What do the lines from the one containing "Animal Print Canister" through the end of the listing below say? Restate them word for word and give nothing else.

[SUPPLIED INFORMATION — start]

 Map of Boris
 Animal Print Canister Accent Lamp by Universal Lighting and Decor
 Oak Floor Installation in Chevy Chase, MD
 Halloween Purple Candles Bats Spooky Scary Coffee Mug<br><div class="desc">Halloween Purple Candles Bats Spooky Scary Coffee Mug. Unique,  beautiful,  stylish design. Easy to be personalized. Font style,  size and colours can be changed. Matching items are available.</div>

[SUPPLIED INFORMATION — finish]

» **EXERCISE OUTPUT**:
 Animal Print Canister Accent Lamp by Universal Lighting and Decor
 Oak Floor Installation in Chevy Chase, MD
 Halloween Purple Candles Bats Spooky Scary Coffee Mug<br><div class="desc">Halloween Purple Candles Bats Spooky Scary Coffee Mug. Unique,  beautiful,  stylish design. Easy to be personalized. Font style,  size and colours can be changed. Matching items are available.</div>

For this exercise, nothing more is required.